The usual pros and cons of being a publicly traded company will need to be considered. Benefits include the ability to use listed paper as acquisition currency and to offer liquid stock options to employees, heightened corporate visibility and public company premium valuation.

These should be balanced with the need to address any outstanding tax, legal or accounting issues before an IPO. It will be more difficult to deal with potential issues in the public eye, due to extensive disclosure requirements and increased exposure to litigation for any material misstatements or omissions in public filings.

Having the necessary infrastructure is also key. This includes the additional resources and know-how needed to maintain the extra administration and reporting requirements of a publicly traded company.

  1. What’s the time frame?

An IPO typically takes three to six months and much of the timetable is influenced by third parties who help prepare and review the offer document. Market timing is critical for an IPO, and even a promising offering can be stymied by investor reticence in a market downturn.

An M&A process can be much shorter, but can be equally sensitive to external processes, such as competition or regulatory clearances.

It is necessary to understand the expected timetable for both tracks. This schedule needs to be assessed in light of the business’ cash position, debt obligations and upcoming milestones, as well as the potential “staleness” of financial information.

  1. Which transaction is most likely to generate the best valuation?

The valuation of a business by public markets vs. a financial or strategic buyer can vary significantly. IPOs are affected by stock market sentiment, volatility and comparisons with the recent trading performance of peers.

When equity markets are strong, the IPO track can act as a “stalking horse” in eliciting M&A buyers. Valuation in an M&A process is often driven by considerations such as realizing synergies, pursuing short- versus long-term business plans, obtaining critical assets, industry consolidation trends and recent comparable transactions.

With a private sale, it will never be possible to know with certainty how the stock market would have valued a business for comparison. But a private sale provides the certainty of proceeds that an IPO can rarely provide to selling shareholders. However, pre-IPO companies can assess market receptivity through confidential meetings with investors.

  1. Can the business and the deal team cope with the extra demands?

On their own, each of the IPO and M&A processes place significant demands on a business and its management. Dealing with two processes simultaneously will put even greater strain on time and resources, so it’s necessary to assess the capacity, expertise and experience of the team and whether new staff will be needed or a greater reliance on advisers.
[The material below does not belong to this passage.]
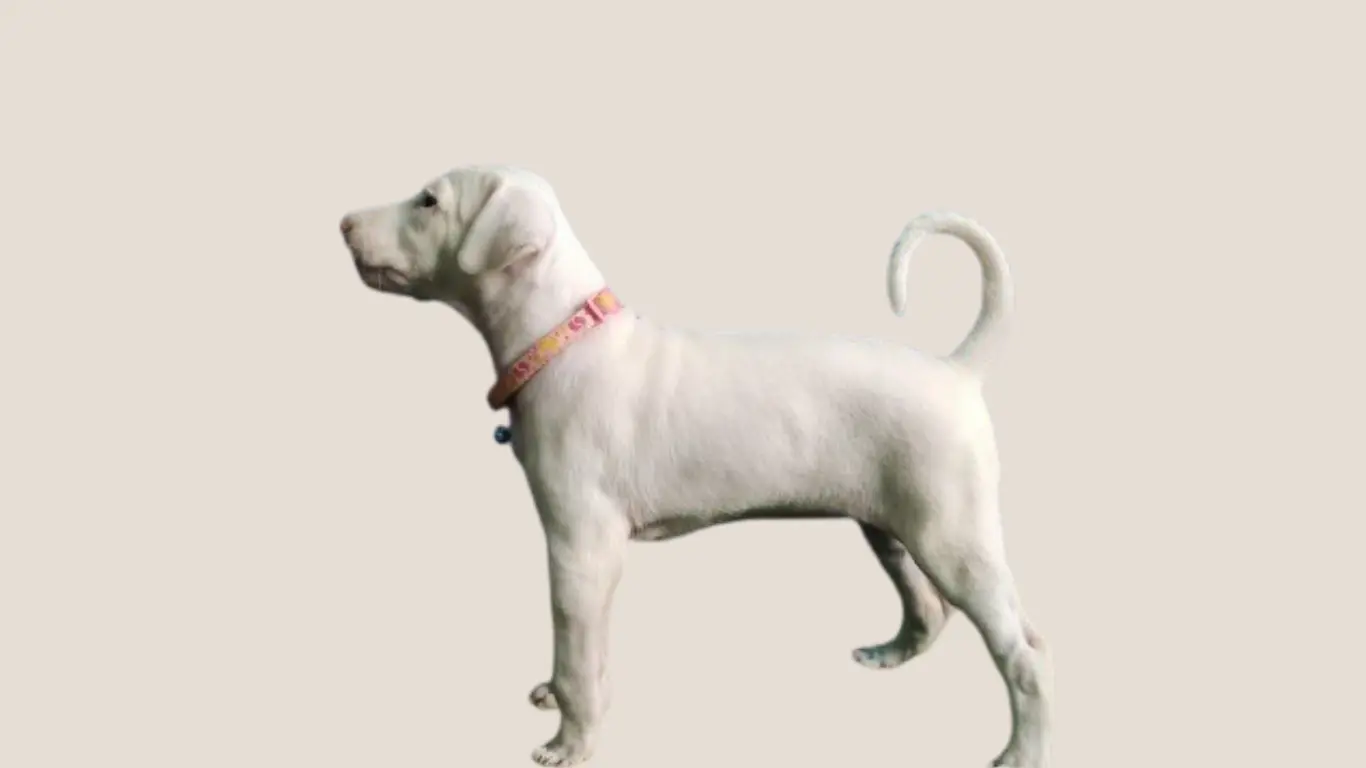 Rajapalayam puppy price in India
Maintaining confidentiality is key to the success of a dual-track process, so it’s important to limit the size of the deal teams inside and outside of the company, and to obtain non-disclosure agreements from prospective M&A counterparties.

Opting for an IPO would not require an issuer to disclose the fact of the parallel (abandoned) M&A process, but leaks or intentional disclosure during the process may have adverse consequences for both tracks.

Conversely, knowledge that a company may be pursuing an IPO exit could drive the M&A valuation higher, particularly with strategic buyers. The optionality afforded by a dual-track should be maintained for as long as possible to keep maximum pressure on timing, valuation and competitive tension. Ultimately, the goal is to play each track off against the other to secure the best deal for stakeholders.